━━━ DATASET RECORDS ━━━

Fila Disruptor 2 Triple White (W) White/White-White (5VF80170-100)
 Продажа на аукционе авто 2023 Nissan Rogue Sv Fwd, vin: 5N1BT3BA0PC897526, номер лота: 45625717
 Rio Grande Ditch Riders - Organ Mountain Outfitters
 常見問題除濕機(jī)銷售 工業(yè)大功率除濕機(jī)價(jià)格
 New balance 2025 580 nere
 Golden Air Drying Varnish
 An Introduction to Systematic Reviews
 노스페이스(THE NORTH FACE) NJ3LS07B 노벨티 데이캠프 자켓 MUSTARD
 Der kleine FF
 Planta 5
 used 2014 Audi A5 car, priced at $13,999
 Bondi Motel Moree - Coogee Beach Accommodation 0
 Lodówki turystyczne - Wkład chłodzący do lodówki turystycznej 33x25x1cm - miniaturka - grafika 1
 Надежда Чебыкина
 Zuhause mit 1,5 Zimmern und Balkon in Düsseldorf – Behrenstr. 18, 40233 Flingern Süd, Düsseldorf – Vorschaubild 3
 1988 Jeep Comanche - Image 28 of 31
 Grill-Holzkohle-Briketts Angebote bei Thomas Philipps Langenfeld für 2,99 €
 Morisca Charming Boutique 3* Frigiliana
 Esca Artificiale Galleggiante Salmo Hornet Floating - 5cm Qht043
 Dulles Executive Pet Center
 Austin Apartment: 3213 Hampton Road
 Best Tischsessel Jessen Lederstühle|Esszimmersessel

━━━

# WORK INSTRUCTIONS
Transcribe each entry exactly.

# YOUR RESPONSE
Fila Disruptor 2 Triple White (W) White/White-White (5VF80170-100)
 Продажа на аукционе авто 2023 Nissan Rogue Sv Fwd, vin: 5N1BT3BA0PC897526, номер лота: 45625717
 Rio Grande Ditch Riders - Organ Mountain Outfitters
 常見問題除濕機(jī)銷售 工業(yè)大功率除濕機(jī)價(jià)格
 New balance 2025 580 nere
 Golden Air Drying Varnish
 An Introduction to Systematic Reviews
 노스페이스(THE NORTH FACE) NJ3LS07B 노벨티 데이캠프 자켓 MUSTARD
 Der kleine FF
 Planta 5
 used 2014 Audi A5 car, priced at $13,999
 Bondi Motel Moree - Coogee Beach Accommodation 0
 Lodówki turystyczne - Wkład chłodzący do lodówki turystycznej 33x25x1cm - miniaturka - grafika 1
 Надежда Чебыкина
 Zuhause mit 1,5 Zimmern und Balkon in Düsseldorf – Behrenstr. 18, 40233 Flingern Süd, Düsseldorf – Vorschaubild 3
 1988 Jeep Comanche - Image 28 of 31
 Grill-Holzkohle-Briketts Angebote bei Thomas Philipps Langenfeld für 2,99 €
 Morisca Charming Boutique 3* Frigiliana
 Esca Artificiale Galleggiante Salmo Hornet Floating - 5cm Qht043
 Dulles Executive Pet Center
 Austin Apartment: 3213 Hampton Road
 Best Tischsessel Jessen Lederstühle|Esszimmersessel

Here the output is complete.